The Homeless Coalition said it plans to use the grant to enhance services available to families experiencing homelessness with increased efforts to end homelessness quickly through diversion, housing location, and additional supports to help families return to self-sufficiency.

Fort Worth

Tarrant County Homeless Coalition has received a $2.5 million grant from the Bezos Day 1 Families Fund, the largest private gift in the history of the nonprofit leading the community solution to homelessness in Tarrant County.

This is the sixth round of annual Day 1 Families Fund grants that recognize leading organizations doing compassionate, needle-moving work to help families experiencing homelessness secure housing and achieve stability, the coalition said.

“This gift from Bezos Day 1 Families Fund is transformational for our organization and will have incredible impact on our community,” Lauren King, executive director of the Homeless Coalition, said in a statement. “This funding comes at a critical time when more families than ever are experiencing homelessness in our community and as we look for more innovative ways to meet those increased needs.”

How the funds will be used

Lauren King

It’s a one-time flexible grant that will support the Homeless Coalition, which was founded in 1989, in serving as a critical lifeline to children and adults in families experiencing homelessness, who represent more than a quarter of the homeless population nationally.

The Homeless Coalition said it plans to use the grant to enhance services available to families experiencing homelessness with increased efforts to end homelessness quickly through diversion, housing location, and additional supports to help families return to self-sufficiency.

The coalition said it will distribute $2 million of this grant to its partners who serve families in need in three different ways:

  • Diversion efforts. Diversion helps get families out of homelessness as quickly as possible by reuniting them with family and other community supports.
  • Family housing navigation. Locating an apartment to rent is one of the most difficult and tedious parts of getting out of homelessness. A housing navigator can help guide families through the search and leasing process to help them find a new place to call home.
  • Enhanced services for families experiencing homelessness.
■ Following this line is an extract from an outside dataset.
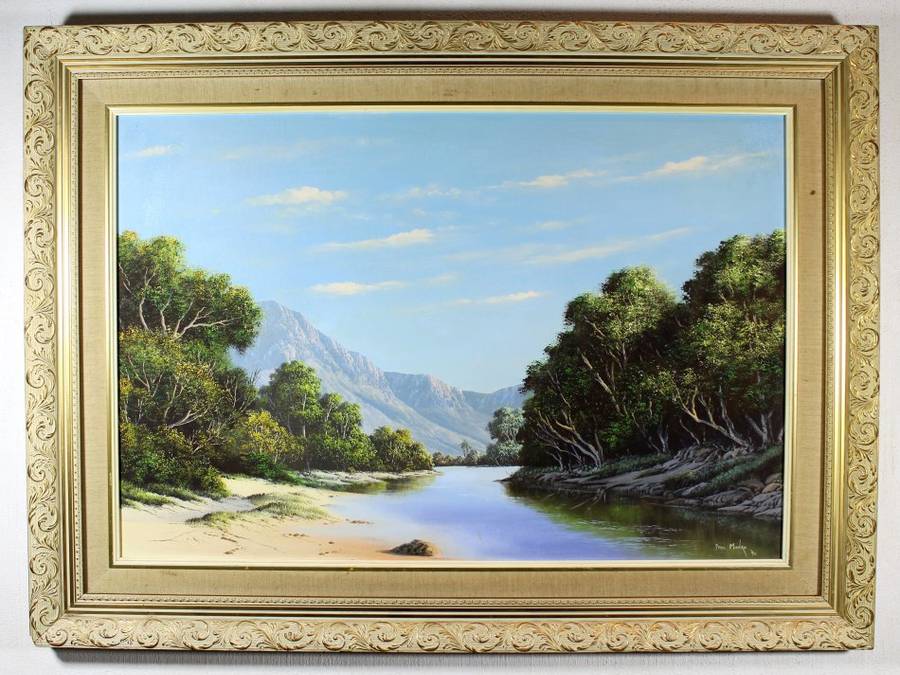 Paul Munro - Landscape with river and mountains - Investment art!! Bid now! *Free courier!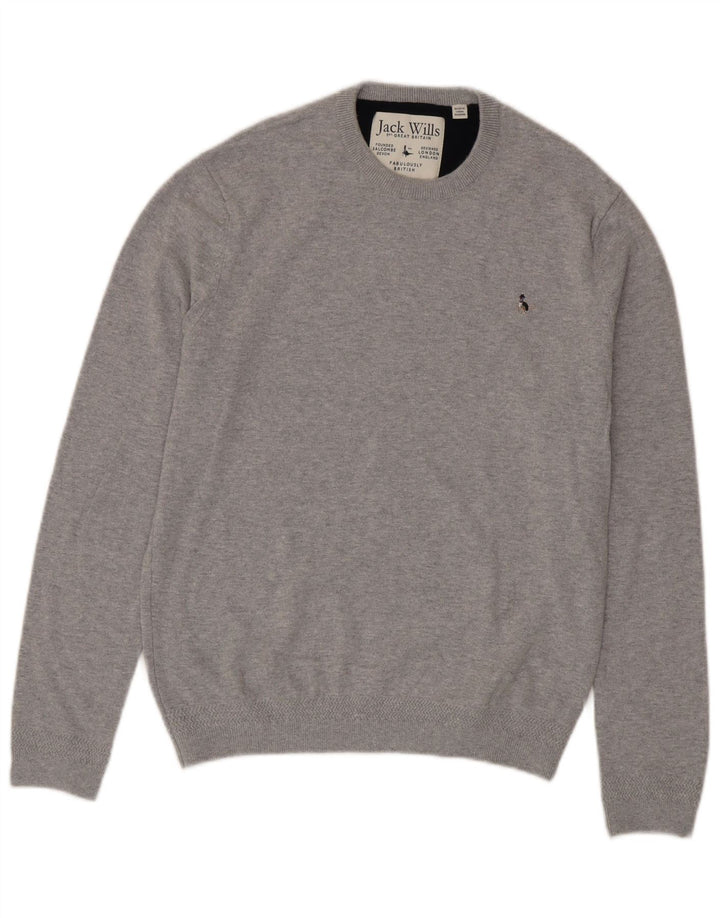Męski sweter z okrągłym dekoltem Jack Wills, średnioszary, bawełniany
These services will work in partnership with family housing programs to provide enhanced support services to higher needs families who need more help getting back on their feet to self-sufficiency.
 

More on the Bezos Day 1 Families Fund

The coalition said it was selected as a Day 1 Families Fund grant recipient by a group of national advisers who are leading advocates and experts on homelessness and service provision and bring expertise on housing justice, advancing racial equity, and helping programs employ resources effectively to assist families out of homelessness.

Over the past six years, the Day 1 Families Fund has provided 208 grants totaling more than $630 million to organizations nationwide working on the frontlines to identify unsheltered families, help families regain housing and connect families experiencing homelessness to vital services.

The coalition said that more than half of the Day 1 Families Fund grantees who received funding between 2018 through 2021 report that, to date, they have used their grants to divert more than 28,000 families from experiencing homelessness, connect more than 30,000 unsheltered families with safe shelter and help more than 75,000 families access the services they need.

According to the coalition, the fund this year issued a total of $117.55 million in grants to 38 organizations. The fund has granted this award to organizations in 48 states, the District of Columbia and Puerto Rico. New states this year include Arkansas, Vermont, and Wyoming.

Launched in 2018, the Bezos Day One Fund made a $2 billion commitment to focus on making meaningful and lasting impacts in two areas: funding existing nonprofits that help families experiencing homelessness, and creating a network of new, nonprofit tier-one preschools in low-income communities.

The fund issues annual leadership awards to organizations and civic groups doing compassionate, needle-moving work to help families experiencing homelessness—including those who are unsheltered or staying in shelters—regain safe, stable housing and achieve well-being.